Question

Rs 18,000 is kept for $2\dfrac{1}{2}$ at 10 percent compounded annually. What is the interest and final amount received?

Answer 1

Hint: Now we know that principal amount is 18, 000, time is $2\dfrac{1}{2}$ and rate of interest is 10 percent per annum. Now we will first calculate the amount for 2 years with the formula $A=P{{\left( 1+\dfrac{r}{100} \right)}^{t}}$ now once we have the amount we will use simple interest formula $A=\dfrac{P\left( 1+rt \right)}{100}$ with time as $\dfrac{1}{2}$ years and rate of interest 10 percent.
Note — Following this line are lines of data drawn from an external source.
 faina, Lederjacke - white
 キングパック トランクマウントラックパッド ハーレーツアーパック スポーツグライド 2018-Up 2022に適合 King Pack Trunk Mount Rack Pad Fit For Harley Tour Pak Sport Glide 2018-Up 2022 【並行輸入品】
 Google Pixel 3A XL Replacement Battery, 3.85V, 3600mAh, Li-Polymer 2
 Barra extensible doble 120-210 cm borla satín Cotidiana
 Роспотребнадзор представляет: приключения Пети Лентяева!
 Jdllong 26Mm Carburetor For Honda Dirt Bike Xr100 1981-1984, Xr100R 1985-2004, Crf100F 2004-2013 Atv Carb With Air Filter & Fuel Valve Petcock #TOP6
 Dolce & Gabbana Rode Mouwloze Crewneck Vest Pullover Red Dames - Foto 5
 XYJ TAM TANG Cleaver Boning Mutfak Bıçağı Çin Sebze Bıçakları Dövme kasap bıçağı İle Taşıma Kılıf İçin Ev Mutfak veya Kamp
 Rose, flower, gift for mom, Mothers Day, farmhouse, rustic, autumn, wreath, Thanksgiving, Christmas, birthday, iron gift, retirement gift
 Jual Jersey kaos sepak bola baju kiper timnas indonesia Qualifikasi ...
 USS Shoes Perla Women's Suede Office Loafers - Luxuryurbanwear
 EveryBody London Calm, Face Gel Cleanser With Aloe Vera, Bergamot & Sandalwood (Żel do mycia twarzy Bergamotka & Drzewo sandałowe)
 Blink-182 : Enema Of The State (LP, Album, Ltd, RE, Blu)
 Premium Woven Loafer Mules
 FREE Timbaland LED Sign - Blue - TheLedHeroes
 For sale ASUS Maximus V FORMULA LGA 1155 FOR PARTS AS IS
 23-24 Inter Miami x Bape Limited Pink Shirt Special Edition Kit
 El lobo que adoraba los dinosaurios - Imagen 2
Complete step by step answer:
Now we are given that Rs 18,000 is kept for $2\dfrac{1}{2}$ at 10 percent compounded annually.
Now we have principal amount Rs 18,000, time is $2\dfrac{1}{2}$ and the rate of interest is 10 percent.
Now since time is not an integer we will find the amount received after 2 years by compound interest
Now since the interest is compounded per year, we can use simple interest to find the amount after $\dfrac{1}{2}$ years.
Now we know that amount received by compound interest is given by $A=P{{\left( 1+\dfrac{r}{100} \right)}^{t}}$ .
Hence amount after 2 years will be
$\begin{align}
  & A=18000{{\left( 1+\dfrac{10}{100} \right)}^{2}} \\
 & \Rightarrow A=18000{{\left( \dfrac{100+10}{100} \right)}^{2}} \\
 & \Rightarrow A=18000{{\left( \dfrac{110}{100} \right)}^{2}} \\
 & \Rightarrow A=18000{{\left( \dfrac{11}{10} \right)}^{2}} \\
\end{align}$
$\Rightarrow A=18000\left( \dfrac{121}{100} \right)$
$\Rightarrow A=180\times 121$
$\therefore A=21780$
Hence we have amount received after 2 years is 21780.
Now let us calculate the simple interest in $\dfrac{1}{2}$ years
We know the amount of simple interest is given by $A=P+\dfrac{P\times r\times t}{100}$
The amount after 2 years is our principal amount hence from equation (1) we get
Principal amount is 21780.
Now interest is 10 percent
And time is $\dfrac{1}{2}$ years
Hence the amount received is
\[\begin{align}
  & A=21780+\dfrac{21780\times 10\times \dfrac{1}{2}}{100} \\
 & \Rightarrow A=21780+1089 \\
 & \therefore A=22869 \\
\end{align}\]
Hence the final amount received after $2\dfrac{1}{2}$ years is 22869 Rs.
Now interest is final amount – principal amount
Hence Interest = 22869 – 18000 = 4869

Hence the interest is 4869 Rs.

Note: Note that the formula of compound interest is $P{{\left( 1+\dfrac{r}{100n} \right)}^{nt}}$ where n is number of times interest is compounded in a year. Since we have interest is compounded annually we have taken n = 1. Which is nothing but formula for compound interest compounded per year. Also while substituting always note that rate of interest is per years and time is also in years.